##### INPUT DATA
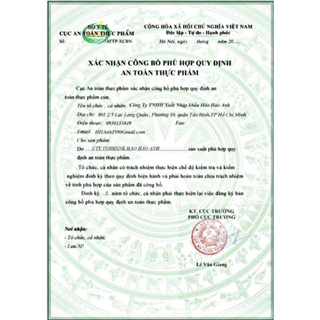 (CHE TÊN  KÈM QUÀ) Detox Emoslim Giảm Cân 8 Vị Trái Cây - Giảm Mỡ ...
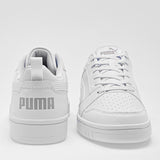 Pakar.com - Julio: Vacaciones de Verano | Tenis urbanos para hombre Puma cod-127252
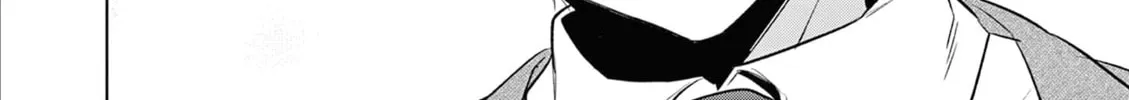 Read Bar Flowers chapter 14 image 36 on Lezhin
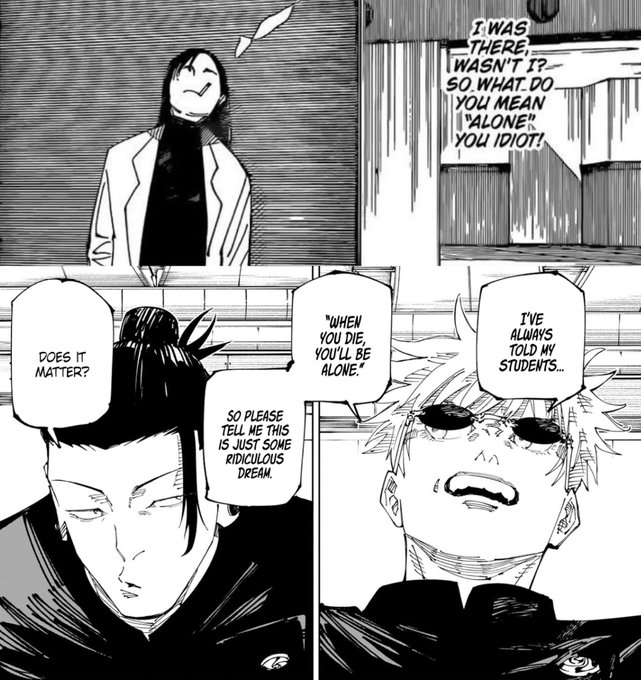 GEBiRP1WUAA5qJe movinsta21us https://movinsta21us.com/jujutsu-kaisen-chapter-248-gives-hope-to-gojo-fans-in-togo/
##########
→ **INSTRUCTIONS TO FOLLOW**
All of the material above goes into the copy exactly as is; the pictures do not.

→ **EXPECTED ANSWER**
 (CHE TÊN  KÈM QUÀ) Detox Emoslim Giảm Cân 8 Vị Trái Cây - Giảm Mỡ ...
 Pakar.com - Julio: Vacaciones de Verano | Tenis urbanos para hombre Puma cod-127252
 Read Bar Flowers chapter 14 image 36 on Lezhin
 GEBiRP1WUAA5qJe movinsta21us https://movinsta21us.com/jujutsu-kaisen-chapter-248-gives-hope-to-gojo-fans-in-togo/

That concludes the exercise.